Fred is in love with a good girl; a girl who does not love him because he is not worthy; Fred agrees with her. Maybe the point is this: of all the people striving in Middlemarch, only Fred is striving for a thing worth striving for. Dorothea mistakes Casaubon terribly, as Lydgate mistakes Rosamund, but Fred thinks Mary is worth having, that she is probably a good in the world, or at least, good for him (“She is the best girl I know!”) – and he’s right. Of all of them Fred has neither chosen a chimerical good, nor radically mistaken his own nature. He’s not as dim as he seems. He doesn’t idealise his good as Dorothea does when she imagines Casaubon a second Milton, and he doesn’t settle on a good a priori, like Lydgate, who has long believed that a doting, mindless girl is just what a man of science needs. What Fred surmises of the good he stumbles upon almost by accident, and only as a consequence of being fully in life and around life, by being open to its vagaries simply because he is in possession of no theory to impose upon it.

A bit later on,

If Fred didn’t love Mary, he would have no reason to exercise his imagination on her family. It’s love that makes him realise that two women without their savings are a real thing in the world and not merely incidental to his own sense of dishonour. It’s love that enables him to feel another’s pain as if it were his own. For Eliot, in the absence of God, all our moral tests must take place on this earth and have their rewards and punishments here. We are each other’s lesson, each other’s duty. This turns out to be a doctrine peculiarly suited to a certain kind of novel writing. Middlemarch is a dazzling dramatisation of earthly human striving.

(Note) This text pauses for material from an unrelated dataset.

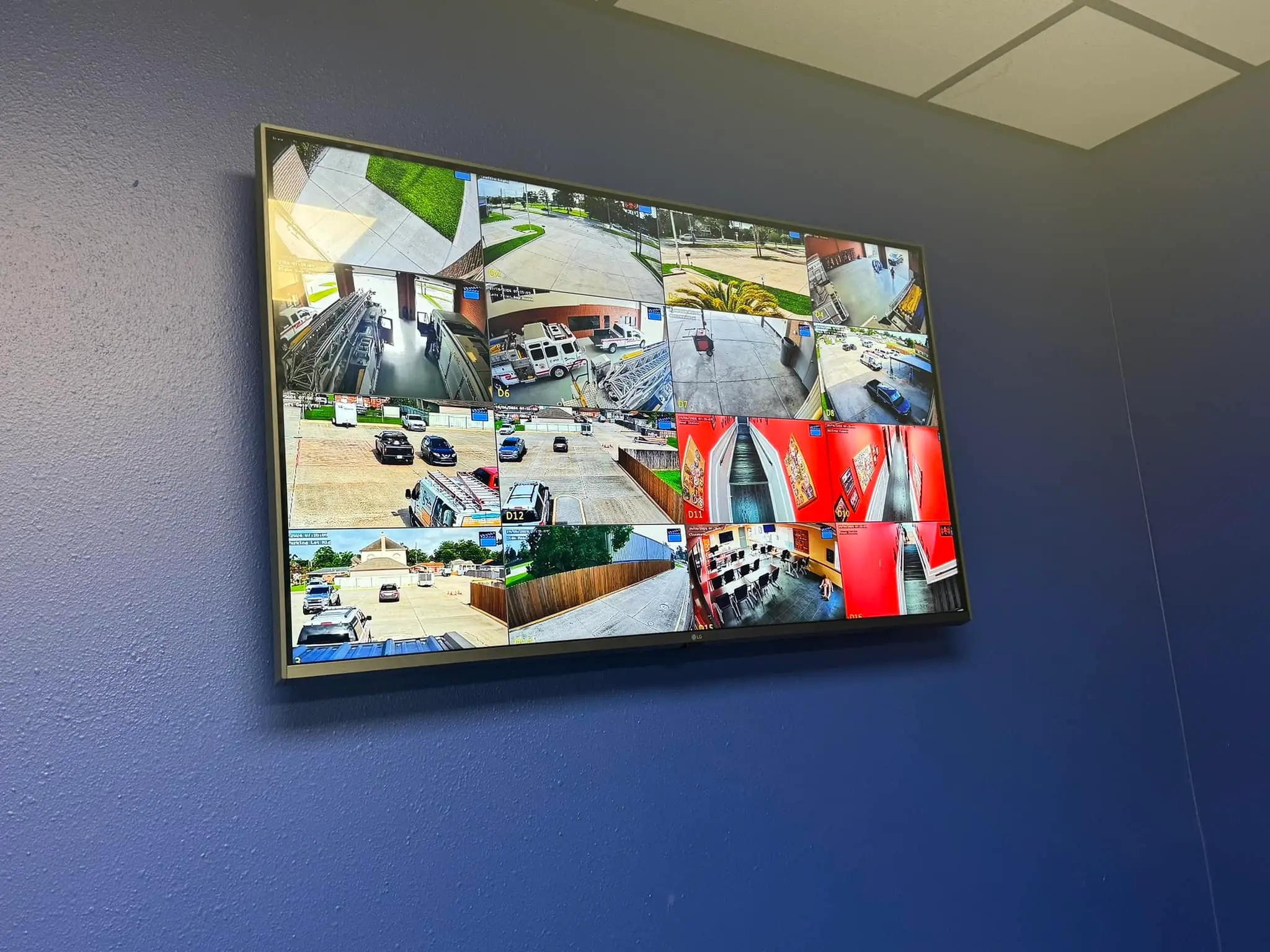 Commercial cameras, screen, or rack on the Westbank: interior wide photo, blue light, brighter toward the top.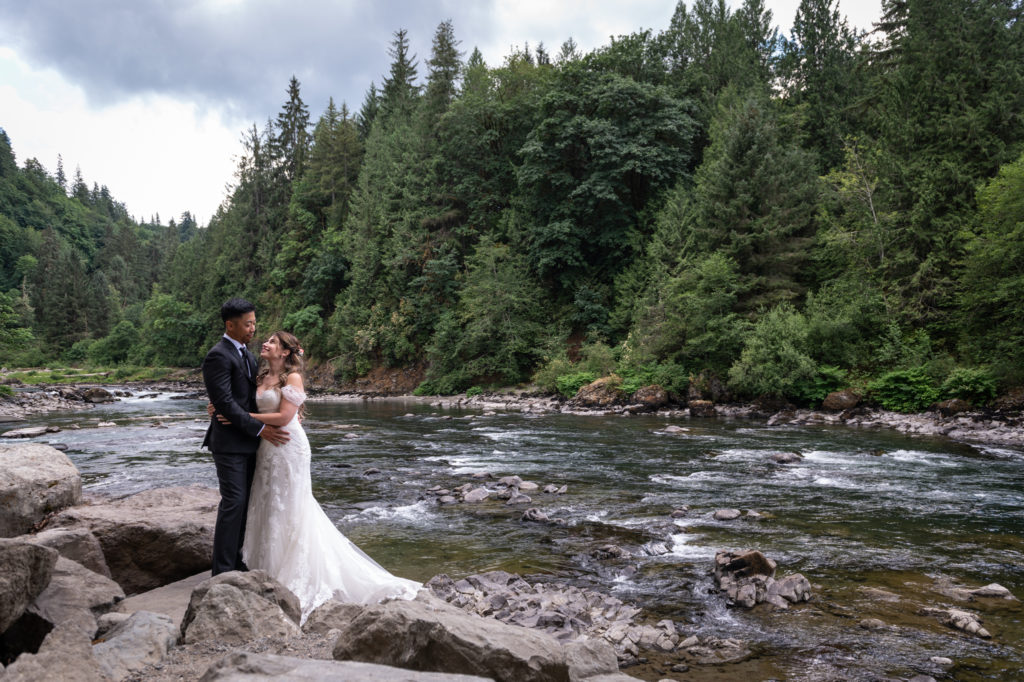 Bride and groom embracing while standing on large rocks along Snoqualmie River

I don’t feel Smith is as smart about the form of Middlemarch as she is about some of its themes and philosophical interests. Near the end she remarks that the novel “seems to hint at those doubts in the efficacy of narrative that were to follow in the next century. Why always Dorothea, why heroes, why the centrality of a certain character in a narrative, why narrative at all? Eliot, being a Victorian, did not go all the way down that road.” I don’t see “why narrative at all?” as one of Eliot’s questions–which may, perhaps, have something to do with being Victorian, but Smith’s phrasing has the patronizing undertones of modernism. Eliot was not trying to get away from narrative (is that even possible?) but to revise it, and particularly to get away from linearity (which may, in fact, be what Smith means by “narrative”). She tackles the problem Carlyle identified (a century before the “next century” Smith refers to) about the “efficacy of narrative”–“narrative is linear, action is solid”–with a construction full of complex returns, repetitions, and doubling back, as well as the famous shifts in point of view epitomized, as Smith notes, in the question “But why always Dorothea?”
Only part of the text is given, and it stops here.